- Task item
Below are the records; repeat exactly their lines between the line holding "Pre-owned Dkny Short" and the line holding "Hisight Glitter Lip", inclusive, skipping the pictures.

- The input
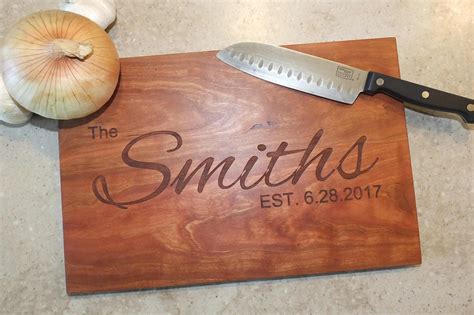 Wood Charcuterie Board Engraved with Names and Date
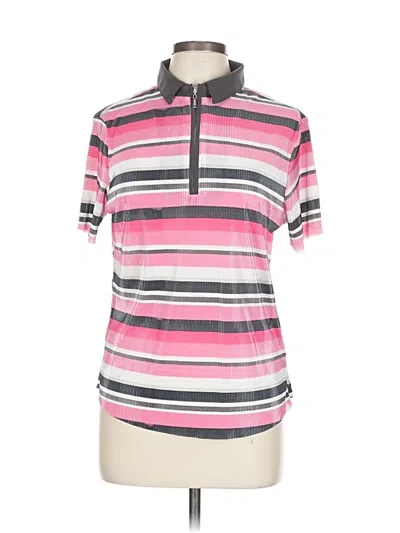 Pre-owned Dkny Short Sleeve Top Pink Mock Neckline Tops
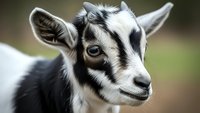 Young goat kid with black and white markings looking at camera on farm, domestic livestock animal portrait for agricultural and rural lifestyle content.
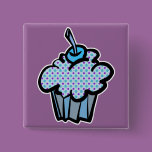 blue and purple polka dots cupcake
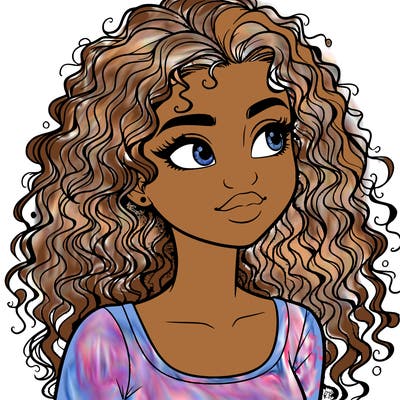 realistic girl with curly hair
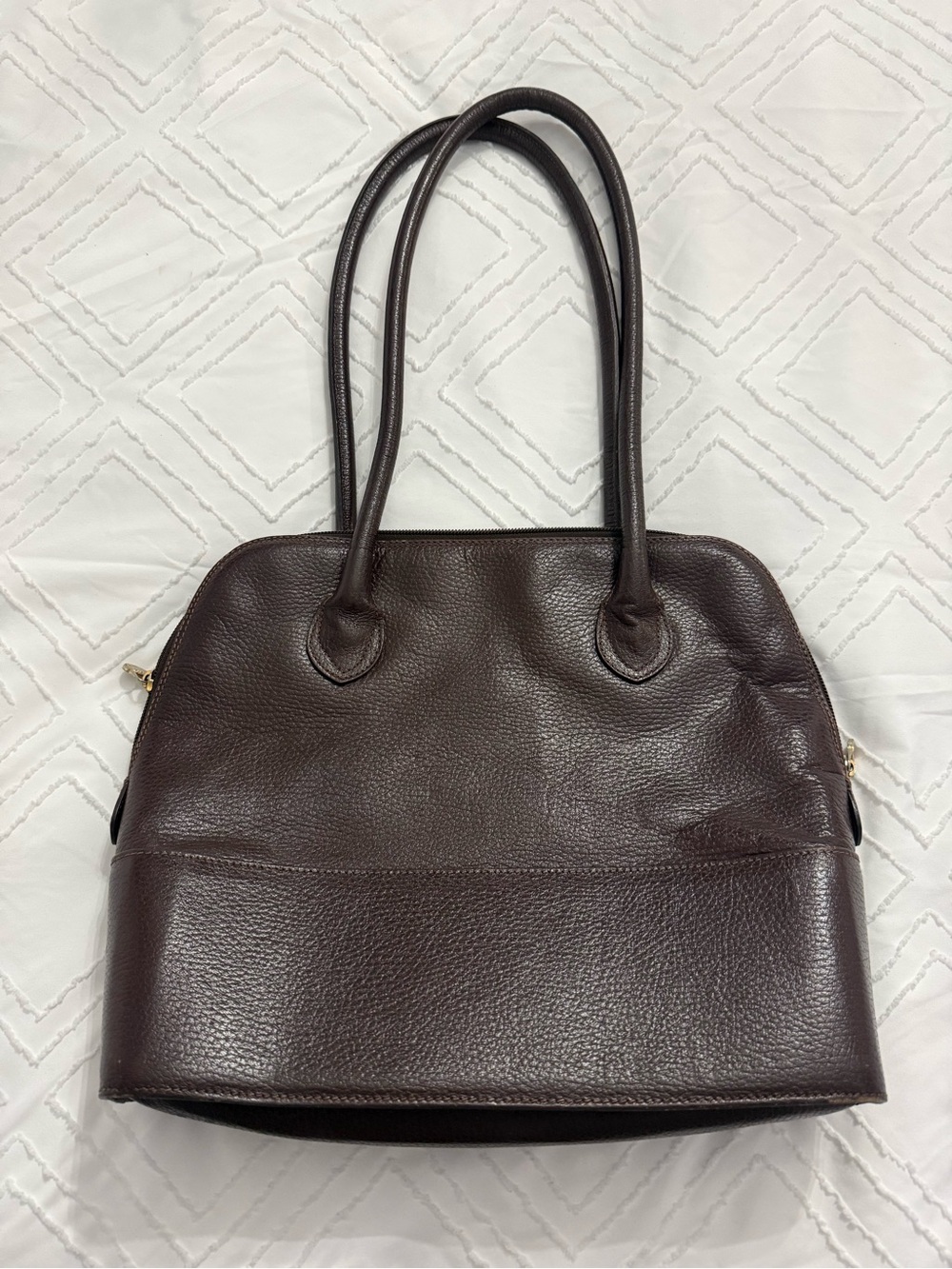 Vintage Bally Dark Brown Pebbled Leather Shoulder Bag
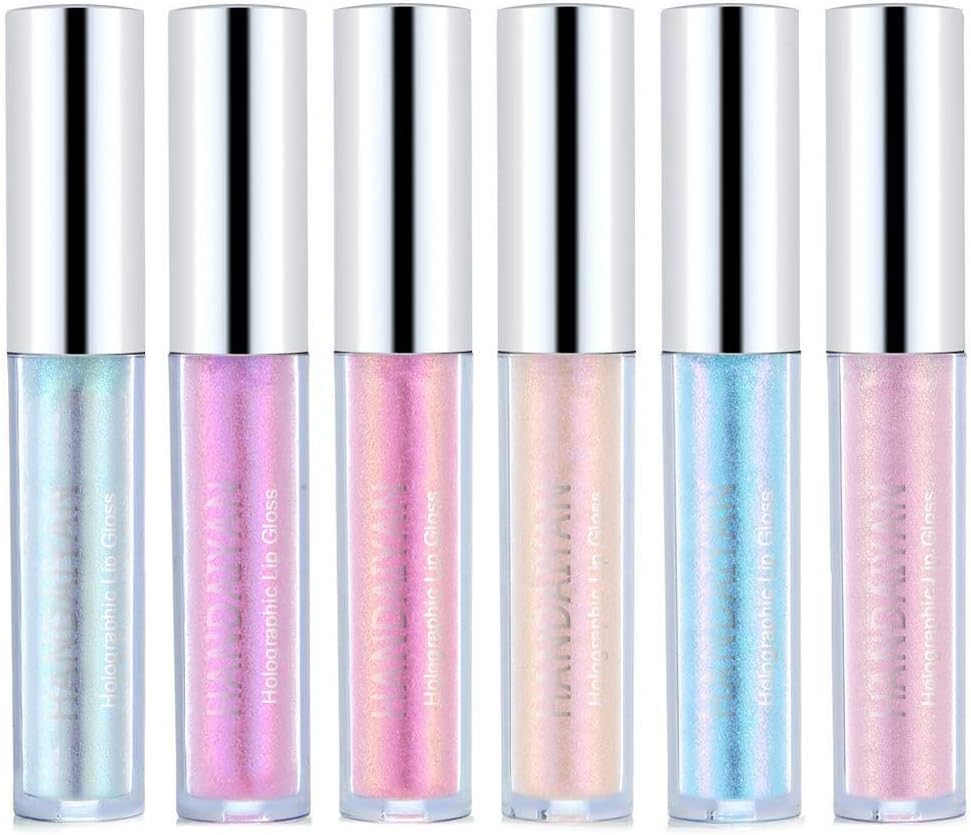 Hisight Glitter Lip Gloss Liquid Lipsticks Set of 6 Diamond Shimmer Metallic Lipstick Waterproof Long Lasting Shinning Iridescent Mermaid Shimmer Lip Gloss Face Eye Cosmetic Glow Shimmer Makeup Kit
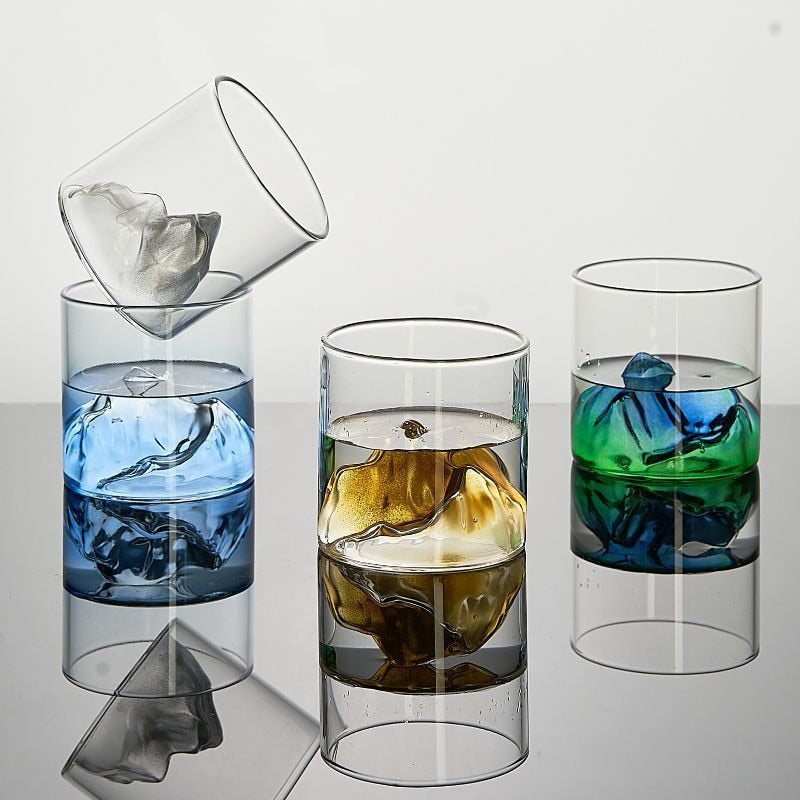 Japanese Whisky Glass Cup 3D Mountain Water Glass Glacier Mug Vodka Wine Cup Glass Fuji Artwork Gift Whisky Bottle Drinkware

- Reply to the task
 Pre-owned Dkny Short Sleeve Top Pink Mock Neckline Tops
 Young goat kid with black and white markings looking at camera on farm, domestic livestock animal portrait for agricultural and rural lifestyle content.
 blue and purple polka dots cupcake
 realistic girl with curly hair
 Vintage Bally Dark Brown Pebbled Leather Shoulder Bag
 Hisight Glitter Lip Gloss Liquid Lipsticks Set of 6 Diamond Shimmer Metallic Lipstick Waterproof Long Lasting Shinning Iridescent Mermaid Shimmer Lip Gloss Face Eye Cosmetic Glow Shimmer Makeup Kit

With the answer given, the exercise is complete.